Through tensile tests in porcine eyes [43], it is possible to conclude that the mechanical models for porcine cornea are not suitable for research in human corneas where viscoelastic phenomena should be considered. Both corneas have different behavior on time; both corneas have different mechanical properties and different fluxes inside and outside the cornea.

In the work of Katsube et al. [82] is presented a solid model filled with fluid. In their work, the authors explain why the intact cornea has a strong tendency to absorb water to regularize its normal function. They also explained the behavior of water inside the living cornea and its function to maintain a negative pressure (sub-atmospheric pressure; 50–60 mmHg below the atmospheric pressure). This negative pressure is called imbibition pressure. The swelling property of the cornea can change through corneal thickness due to several bio-chemical regions with different hydration properties.

Ethier et al. [35] presented a revision of the literature according to average values for the elasticity modulus of the corneoscleral shell. They stated a range of 5.00–13.0 MPa. In their research, they presented an explanation of the developed theories to explain the behavior of the corneoscleral material, including the biphasic theory; this theory takes importance due to the time-dependent behavior of the cornea (viscoelastic material). This description evokes the heterogeneity of the cornea and its highly anisotropic behavior including its nonlinearity.

Another contribution of Ethier et al. [35] was a development of an equation that represents the viscoelastic behavior for the cornea. This equation was derived from the stress relaxation technique (time dependent) on corneoscleral strips.
The simplest formulation for viscoelasticity is to consider a biphasic model for the cornea. To achieve this goal, it is necessary to perform formulations that set the coupling between solid and liquid phases composing the tissue. Prokofiev and Dunec [83] presented a simple methodology for poroelastic formulation in COMSOL package. This formulation coincides with the formulation presented at Rémond et al. [84].

In poroelastic biphasic models, where it is considered the interstitial fluid, it is important to consider the barriers present in the cornea and the proper actions for its maintenance. This subject was treated by Dupps and Wilson [66]; they describe specific characteristics of the human cornea as: hydrophilic characteristic of the stromal glycosaminoglycans [85], imbibition pressure, corneal hydration level [86], stromal swelling pressure, and active endothelial transport [87].

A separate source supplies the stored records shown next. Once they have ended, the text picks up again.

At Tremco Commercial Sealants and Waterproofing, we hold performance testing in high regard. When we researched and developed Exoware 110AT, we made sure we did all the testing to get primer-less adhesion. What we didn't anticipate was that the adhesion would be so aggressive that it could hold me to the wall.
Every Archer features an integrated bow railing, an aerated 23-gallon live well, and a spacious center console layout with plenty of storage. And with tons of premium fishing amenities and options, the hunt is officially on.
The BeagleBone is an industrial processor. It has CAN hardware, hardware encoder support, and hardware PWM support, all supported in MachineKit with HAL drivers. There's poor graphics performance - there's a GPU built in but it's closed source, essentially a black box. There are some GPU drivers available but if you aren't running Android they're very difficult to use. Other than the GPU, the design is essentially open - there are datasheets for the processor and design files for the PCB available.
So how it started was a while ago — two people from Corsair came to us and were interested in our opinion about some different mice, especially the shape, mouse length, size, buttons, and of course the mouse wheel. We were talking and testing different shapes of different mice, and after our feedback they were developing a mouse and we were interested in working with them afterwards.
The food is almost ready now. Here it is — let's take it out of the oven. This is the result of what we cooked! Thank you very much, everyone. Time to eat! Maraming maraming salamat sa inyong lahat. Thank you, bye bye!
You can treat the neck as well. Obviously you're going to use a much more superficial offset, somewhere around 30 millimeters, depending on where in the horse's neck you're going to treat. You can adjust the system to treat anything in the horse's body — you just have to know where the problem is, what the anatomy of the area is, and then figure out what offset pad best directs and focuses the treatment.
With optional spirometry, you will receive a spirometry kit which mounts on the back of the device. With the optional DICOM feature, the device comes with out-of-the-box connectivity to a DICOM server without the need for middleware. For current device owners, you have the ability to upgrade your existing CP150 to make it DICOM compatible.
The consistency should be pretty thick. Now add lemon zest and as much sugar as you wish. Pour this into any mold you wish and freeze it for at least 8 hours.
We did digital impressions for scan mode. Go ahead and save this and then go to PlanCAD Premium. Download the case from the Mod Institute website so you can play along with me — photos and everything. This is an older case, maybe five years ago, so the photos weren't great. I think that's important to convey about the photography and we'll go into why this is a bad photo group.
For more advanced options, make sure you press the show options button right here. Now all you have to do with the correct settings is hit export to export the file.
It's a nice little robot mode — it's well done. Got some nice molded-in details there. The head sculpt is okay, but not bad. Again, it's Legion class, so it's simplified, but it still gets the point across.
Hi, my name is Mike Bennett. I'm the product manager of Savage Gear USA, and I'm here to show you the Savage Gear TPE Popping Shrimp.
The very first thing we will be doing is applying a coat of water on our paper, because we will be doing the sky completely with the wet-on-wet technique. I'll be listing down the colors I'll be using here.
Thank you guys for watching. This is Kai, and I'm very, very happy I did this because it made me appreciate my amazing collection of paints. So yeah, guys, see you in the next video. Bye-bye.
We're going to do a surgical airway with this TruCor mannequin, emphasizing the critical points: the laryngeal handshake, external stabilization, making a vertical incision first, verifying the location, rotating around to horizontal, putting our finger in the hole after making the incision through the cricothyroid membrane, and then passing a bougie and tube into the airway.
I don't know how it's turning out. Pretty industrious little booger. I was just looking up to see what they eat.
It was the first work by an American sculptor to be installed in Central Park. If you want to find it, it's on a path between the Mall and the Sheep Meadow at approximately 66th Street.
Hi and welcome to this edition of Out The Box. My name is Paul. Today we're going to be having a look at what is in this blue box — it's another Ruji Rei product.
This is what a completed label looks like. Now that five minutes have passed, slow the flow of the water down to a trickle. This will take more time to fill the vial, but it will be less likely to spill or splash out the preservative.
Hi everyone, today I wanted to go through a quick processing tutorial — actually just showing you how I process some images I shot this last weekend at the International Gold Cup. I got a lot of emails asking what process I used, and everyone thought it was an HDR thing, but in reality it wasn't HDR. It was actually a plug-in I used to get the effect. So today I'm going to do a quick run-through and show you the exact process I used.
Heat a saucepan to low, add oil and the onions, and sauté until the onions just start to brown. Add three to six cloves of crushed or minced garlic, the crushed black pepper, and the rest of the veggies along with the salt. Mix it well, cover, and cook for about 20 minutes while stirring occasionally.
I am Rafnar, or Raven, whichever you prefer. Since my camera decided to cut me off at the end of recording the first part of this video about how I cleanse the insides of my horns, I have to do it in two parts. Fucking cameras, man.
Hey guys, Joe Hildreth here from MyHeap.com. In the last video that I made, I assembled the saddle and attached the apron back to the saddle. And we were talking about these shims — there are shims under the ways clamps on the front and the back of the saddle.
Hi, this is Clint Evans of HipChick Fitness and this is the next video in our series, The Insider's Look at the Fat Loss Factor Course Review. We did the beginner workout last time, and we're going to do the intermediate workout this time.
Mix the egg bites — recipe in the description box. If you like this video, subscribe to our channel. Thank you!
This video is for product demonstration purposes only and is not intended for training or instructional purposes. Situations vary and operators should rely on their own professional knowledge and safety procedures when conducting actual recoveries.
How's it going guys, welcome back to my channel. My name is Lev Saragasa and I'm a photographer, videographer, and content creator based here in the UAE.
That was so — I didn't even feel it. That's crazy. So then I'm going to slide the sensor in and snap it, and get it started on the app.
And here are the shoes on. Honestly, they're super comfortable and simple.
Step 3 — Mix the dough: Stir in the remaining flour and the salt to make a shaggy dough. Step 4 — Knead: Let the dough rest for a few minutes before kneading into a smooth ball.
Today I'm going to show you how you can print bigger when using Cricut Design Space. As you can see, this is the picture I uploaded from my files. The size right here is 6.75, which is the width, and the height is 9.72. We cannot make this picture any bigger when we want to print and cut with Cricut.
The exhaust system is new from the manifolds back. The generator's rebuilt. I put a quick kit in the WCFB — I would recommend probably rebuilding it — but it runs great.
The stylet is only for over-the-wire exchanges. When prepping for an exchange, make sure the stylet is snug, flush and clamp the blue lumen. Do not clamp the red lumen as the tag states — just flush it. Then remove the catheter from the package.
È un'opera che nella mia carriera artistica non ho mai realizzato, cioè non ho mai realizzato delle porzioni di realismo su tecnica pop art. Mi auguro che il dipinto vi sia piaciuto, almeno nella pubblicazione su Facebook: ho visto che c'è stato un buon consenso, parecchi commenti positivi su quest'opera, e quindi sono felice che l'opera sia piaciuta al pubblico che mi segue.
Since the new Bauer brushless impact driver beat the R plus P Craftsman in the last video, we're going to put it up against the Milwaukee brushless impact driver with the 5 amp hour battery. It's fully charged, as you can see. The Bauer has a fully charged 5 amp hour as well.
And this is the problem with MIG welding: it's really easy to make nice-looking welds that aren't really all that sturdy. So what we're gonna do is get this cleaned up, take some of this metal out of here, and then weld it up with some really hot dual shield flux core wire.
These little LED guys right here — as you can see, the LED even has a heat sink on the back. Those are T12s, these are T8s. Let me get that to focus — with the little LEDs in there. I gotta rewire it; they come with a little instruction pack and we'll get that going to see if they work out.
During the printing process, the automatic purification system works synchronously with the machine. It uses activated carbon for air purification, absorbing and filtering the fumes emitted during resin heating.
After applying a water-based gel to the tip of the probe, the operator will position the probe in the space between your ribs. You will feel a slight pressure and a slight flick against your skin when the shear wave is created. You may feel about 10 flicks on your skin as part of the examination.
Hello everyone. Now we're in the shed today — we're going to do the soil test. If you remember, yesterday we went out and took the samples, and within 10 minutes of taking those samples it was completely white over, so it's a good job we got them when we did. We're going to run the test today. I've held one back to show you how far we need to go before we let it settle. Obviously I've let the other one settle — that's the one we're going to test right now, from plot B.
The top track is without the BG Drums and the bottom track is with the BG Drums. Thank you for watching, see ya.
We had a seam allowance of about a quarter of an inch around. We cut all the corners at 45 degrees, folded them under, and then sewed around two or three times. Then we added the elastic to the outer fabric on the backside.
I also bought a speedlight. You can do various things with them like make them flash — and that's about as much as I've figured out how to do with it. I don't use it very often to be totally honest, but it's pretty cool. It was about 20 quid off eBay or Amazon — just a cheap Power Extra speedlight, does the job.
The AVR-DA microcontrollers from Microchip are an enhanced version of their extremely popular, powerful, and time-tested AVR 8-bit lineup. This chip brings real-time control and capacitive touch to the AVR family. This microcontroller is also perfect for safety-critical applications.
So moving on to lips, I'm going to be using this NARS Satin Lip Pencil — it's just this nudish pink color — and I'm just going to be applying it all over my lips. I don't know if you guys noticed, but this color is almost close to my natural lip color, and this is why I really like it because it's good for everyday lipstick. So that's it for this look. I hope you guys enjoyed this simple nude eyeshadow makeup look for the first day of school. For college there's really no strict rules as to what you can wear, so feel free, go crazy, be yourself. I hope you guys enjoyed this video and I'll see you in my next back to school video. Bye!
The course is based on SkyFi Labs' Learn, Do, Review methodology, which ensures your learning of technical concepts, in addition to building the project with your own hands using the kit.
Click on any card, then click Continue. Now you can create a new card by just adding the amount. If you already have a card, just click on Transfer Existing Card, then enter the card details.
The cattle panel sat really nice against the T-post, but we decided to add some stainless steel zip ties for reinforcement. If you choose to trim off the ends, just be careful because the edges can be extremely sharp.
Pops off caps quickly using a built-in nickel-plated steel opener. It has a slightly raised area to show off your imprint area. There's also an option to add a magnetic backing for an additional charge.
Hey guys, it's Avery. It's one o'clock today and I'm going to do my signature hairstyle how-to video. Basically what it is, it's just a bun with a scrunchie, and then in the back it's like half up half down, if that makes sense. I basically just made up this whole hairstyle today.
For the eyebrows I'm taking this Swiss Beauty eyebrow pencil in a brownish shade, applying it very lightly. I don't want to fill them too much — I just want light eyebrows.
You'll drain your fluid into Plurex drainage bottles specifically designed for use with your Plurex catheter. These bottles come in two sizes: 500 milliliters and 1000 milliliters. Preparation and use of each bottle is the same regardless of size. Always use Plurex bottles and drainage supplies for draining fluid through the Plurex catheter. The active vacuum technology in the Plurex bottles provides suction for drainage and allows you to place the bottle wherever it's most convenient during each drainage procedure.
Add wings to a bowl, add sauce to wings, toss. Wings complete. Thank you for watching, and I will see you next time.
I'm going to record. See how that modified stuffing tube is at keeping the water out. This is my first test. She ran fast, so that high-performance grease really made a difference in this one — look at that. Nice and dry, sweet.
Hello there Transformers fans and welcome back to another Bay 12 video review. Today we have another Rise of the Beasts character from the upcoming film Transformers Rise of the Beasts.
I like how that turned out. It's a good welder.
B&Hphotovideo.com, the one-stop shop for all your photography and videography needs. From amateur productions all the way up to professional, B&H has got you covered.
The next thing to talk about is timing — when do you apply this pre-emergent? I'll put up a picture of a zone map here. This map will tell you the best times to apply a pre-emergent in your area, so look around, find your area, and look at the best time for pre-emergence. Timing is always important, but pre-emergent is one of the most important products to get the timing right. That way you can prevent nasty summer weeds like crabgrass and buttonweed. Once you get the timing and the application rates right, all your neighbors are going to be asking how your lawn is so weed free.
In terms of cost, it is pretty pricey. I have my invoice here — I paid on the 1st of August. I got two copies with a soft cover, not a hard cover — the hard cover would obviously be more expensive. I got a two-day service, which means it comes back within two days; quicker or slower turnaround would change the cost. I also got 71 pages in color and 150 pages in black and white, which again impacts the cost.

The cornea is a complex anisotropic compound with nonlinear elastic properties including viscoelasticity [66] (Fig. 6.13). Dupps and Wilson refer that interlamellar shear strength is weaker than the corneal tensile strength; this situation grants the corneal stability and the mainly tensile stress state. They also identified that just the corneal stroma and Bowman’s membrane have collagen fibers (responsible of tensile strength); also, they found that Bowman’s membrane removal doesn’t affect the mechanical properties of the cornea (agreeing with [88]). This latter finding was possible through tensile tests and stress relaxation tests for corneal strips (Fig. 6.14).